A la même époque, des procès civils avaient pris de l’ampleur et dans l’affaire Garcia Franco, la Cour confirma le versement de 30 millions de pesos de dommages et intérêts.

Un Futur Incertain:

Les quatre présidents de l’alliance démocratique qui gouvernèrent le Chili pendant les vingt ans qui suivirent la fin de la dictature ont eu une approche ambiguë des droits de l’homme. Tandis que la Commission Vérité et Réconciliation a enregistré plus de 3000 violations des droits de l’homme, les témoignages recueillis ne seront pas recevables devant les tribunaux. Aussi, 35 000 personnes ont témoigné devant la Commission sur l’emprisonnement politique en 2004 mais leurs témoignages seront eux aussi inaccessibles pendant 50 ans. Le 11 janvier 2010, la Présidente Michelle Bachelet a inauguré le Musée de la mémoire alors que seulement 50% des victimes avaient alors eu des actions en justice déposées en leur nom.

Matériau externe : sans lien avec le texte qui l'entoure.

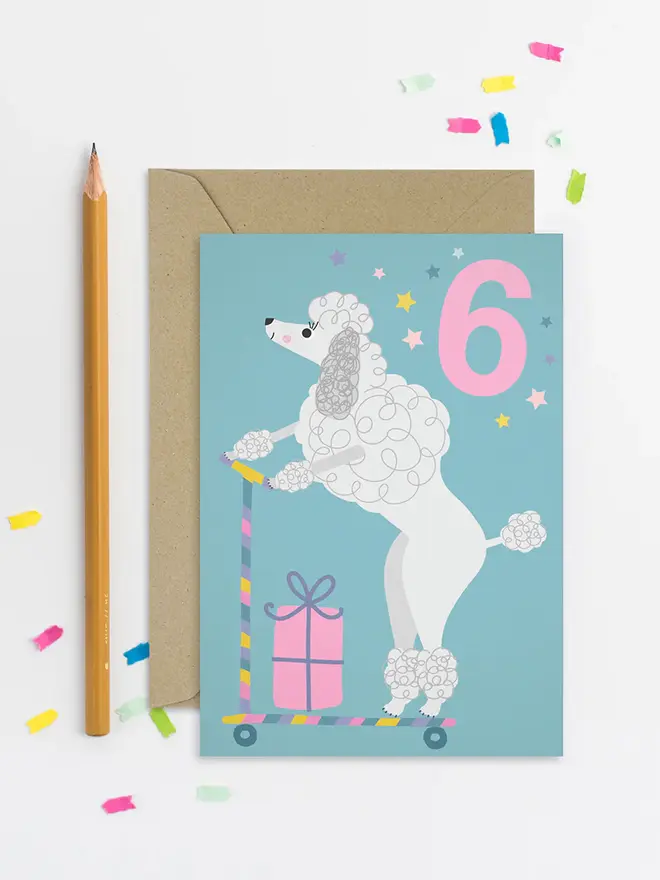 Poodle Age 6 Birthday Card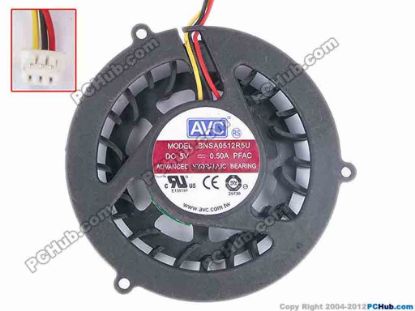 75539 AVC BNSA0512R5U Cooling Fan  PFAC, dia52x12, w50x3x3, 5V 0.50A, Bare Fan AVC BNSA0512R5U Cooling Fan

L’annonce de la fermeture du département juridique de FASIC pour cause de financements insuffisants, risque de nuire aux aspirations de justice, notamment en vue de la réouverture prévue en 2010 de la Commission Vérité et Réconciliation et de la Commission sur l’Emprisonnement Politique, afin que celles-ci puissent recevoir de nouveaux témoignages.

Malgré une politique qui privilégiait la vérité à la justice, des avancées significatives ont été réalisées dans le domaine judiciaire. Des investigations méticuleuses menées sur les pratiques répressives du régime militaire ont convaincu Juan Guzman Tapia que Pinochet avait nommé à la Cour d’Appel, et d’autres magistrats, d’inculper l’homme qui l’avait promu.

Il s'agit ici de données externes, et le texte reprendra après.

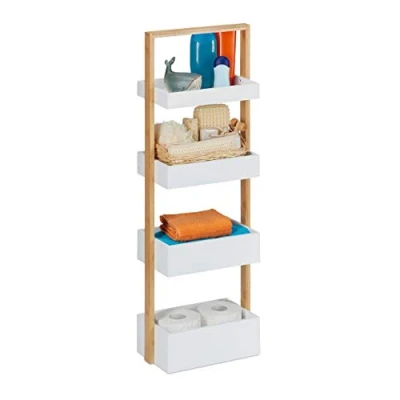 Imagen de Relaxdays Estantería Baño con 4 Cestas, Bambú y MDF, 88 x 30 18 cm, Estante Vertical Lavabo Cocina, Natural/Blanco, 19 cm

La venue au pouvoir de l’homme d’affaire Sebastian Pinera, élu président de la République du Chili le 17 janvier 2010, marquera le début d’une période d’incertitude pour la protection des droits de l’homme et des questions d’ordre social en général. Pendant la campagne présidentielle, Pinera, candidat de la coalition de droite qui comprend des collaborateurs de l’ancien régime militaire, a promis aux familles des victimes de ne pas intervenir dans le déroulement des affaires et aurait ensuite demandé à 700 officiers militaires à la retraite d’accélérer les procédures en appliquant les lois de prescription.

Les magistrats ont pris leurs distances vis-à-vis de l’ancienne dictature militaire, mais les relations que le pouvoir judiciaire entretenait avec ce régime continuent de discréditer leur travail. Le système judiciaire chilien sera une fois de plus mis à l’épreuve par les futurs changements politiques.